> Dataset records
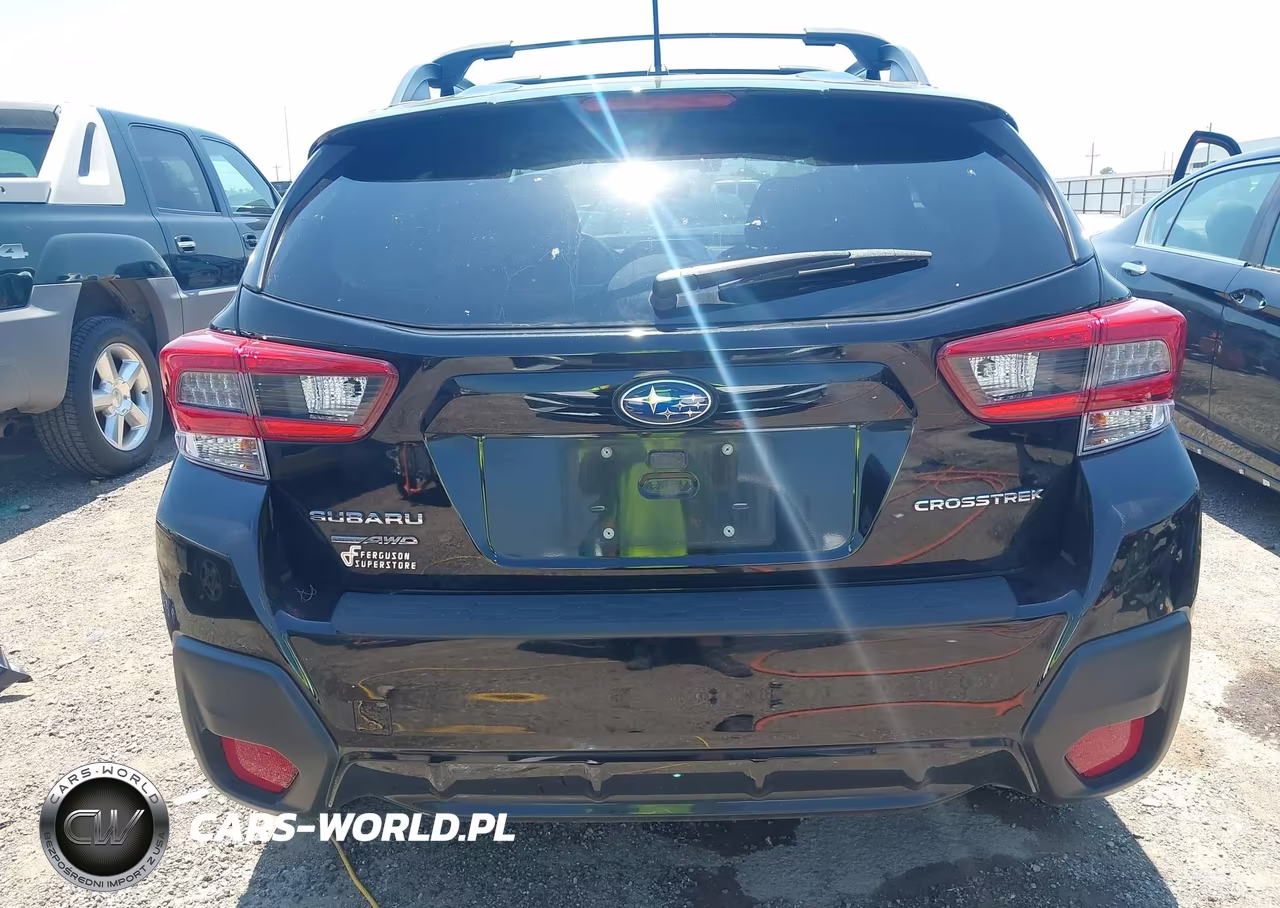 2023 Subaru Crosstrek VIN:JF2GTABC6PH212031 - 15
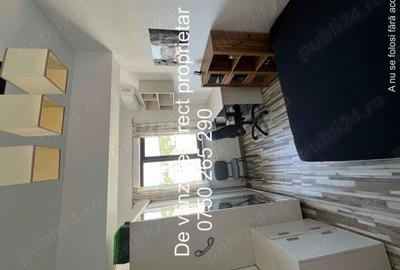 Apartament 2 camere Concept Residence Pacurari Canta direct proprietar Apartament 2 camere Concept Residence Pacurari Canta direct proprietar - 8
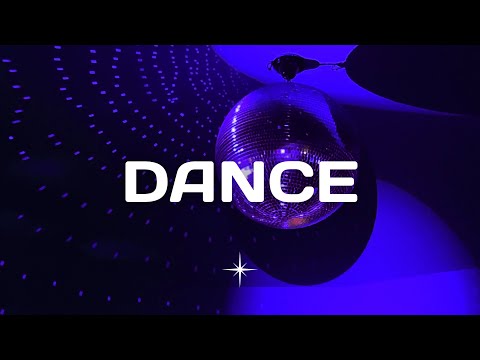 (FREE) Dua Lipa Type Beat - "Dance" | Funk Pop Type Beat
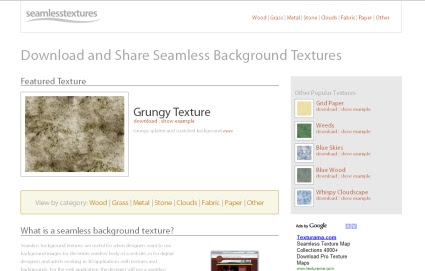 SeamlessTextures.net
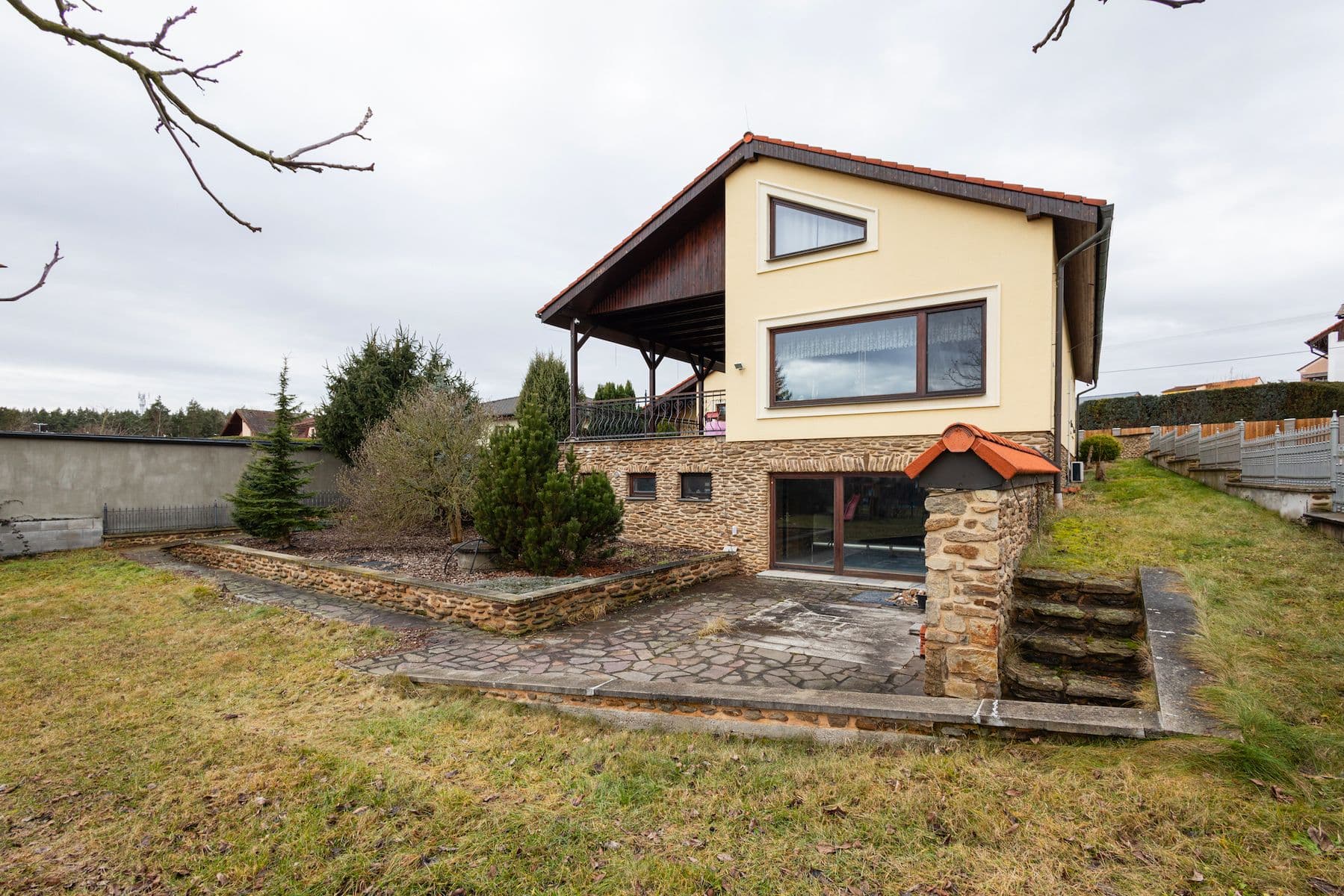 Prodej domu 565 m², pozemek 1.464 m², Na Slovanech, Zruč-Senec, Plzeňský kraj Prodej domu 565 m², pozemek 1.464 m², Na Slovanech, Zruč-Senec, Plzeňský kraj
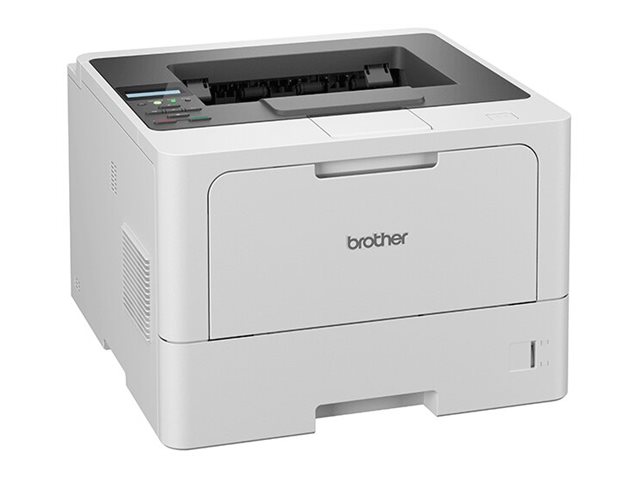 Drucker Brother HL-L5210DN Laser s/w 1200dpi USB/LAN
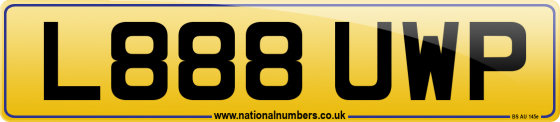 L888 UWP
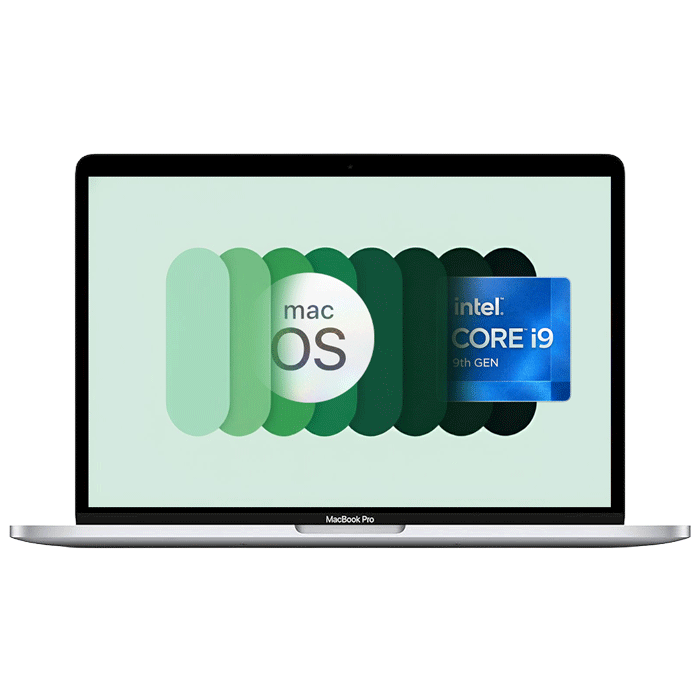 MacBook Pro 2019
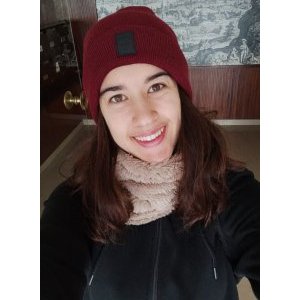MartaEnLyon
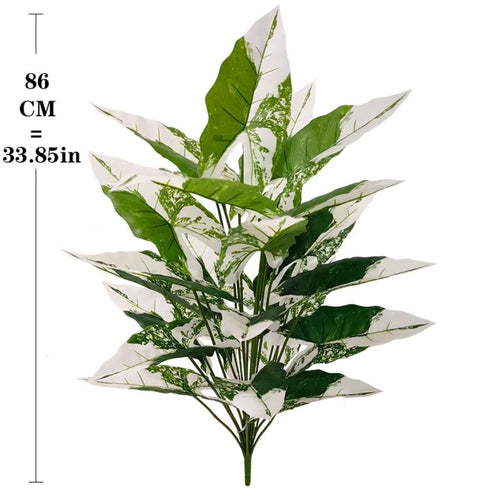 plantes artificielles bonsaï pour décoration de fête et bureau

> Exercise prompt
Lines from the one that contains "Drucker Brother HL-L5210DN" through the last line of the data above are to be extracted exactly, with no pictures and no other lines.

> Solution below
 Drucker Brother HL-L5210DN Laser s/w 1200dpi USB/LAN
 L888 UWP
 MacBook Pro 2019
MartaEnLyon
 plantes artificielles bonsaï pour décoration de fête et bureau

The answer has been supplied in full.